According to ESPN’s Pete Thamel, you can forget about any partnership between the two leagues. Officials from the Big 12 reportedly told their Pac-12 counterparts on Monday that they do not wish to merge.
Thamel wrote that the Pac-12 provided the Big 12 three options for a partnership: pooling rights, a scheduling concept or fully combining the leagues. The last option was the only one that could conceivably created enough value for both parties.
However, the Big 12 elected not to pursue a merger, and Thamel says the Pac-12 was skeptical of such an agreement due to the leagues’ media rights deals being staggered, even though the Big 12 claims there were ways this issue could have been mitigated.

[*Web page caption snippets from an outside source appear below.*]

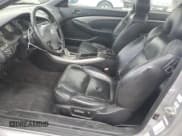 ✅ 2003 Acura CL Type S • VIN: 19UYA42653A011844 • Lot: 48933395. Wystawiony na Copart z przebiegiem 211 088 mil. Bezpłatny archiwum sprzedaży aukcyjnych z USA i szczegółowy raport historii pojazdu na DreamBid. Zdjęcie 7.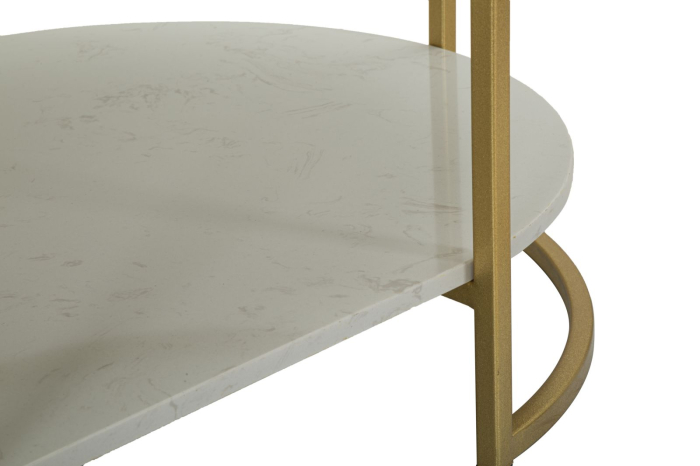 Masuta de cafea Izmir 90x60x45 cm [5]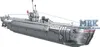 U-Boot Das Boot - Brick System, Revell Bausatz Produktbild-Vorschau 21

“Because the Big 12 media rights can’t be negotiated until 2024, Pac-12 schools have no motivation to join the Big 12,” Thamel wrote, citing a Pac-12 source. “The Pac-12 has announced that they’re staying together and are in the middle of media rights negotiations.”
Now, we’ll see which direction these two leagues go in. The Pac-12 is presenting a unified front, but CBS Sports’ Dennis Dodd says there is still a chance that the Big 12 could attempt to poach certain Pac-12 schools.
Dodd previously reported earlier this month that the Big 12 was interested in adding Arizona, Arizona State, Colorado and Utah.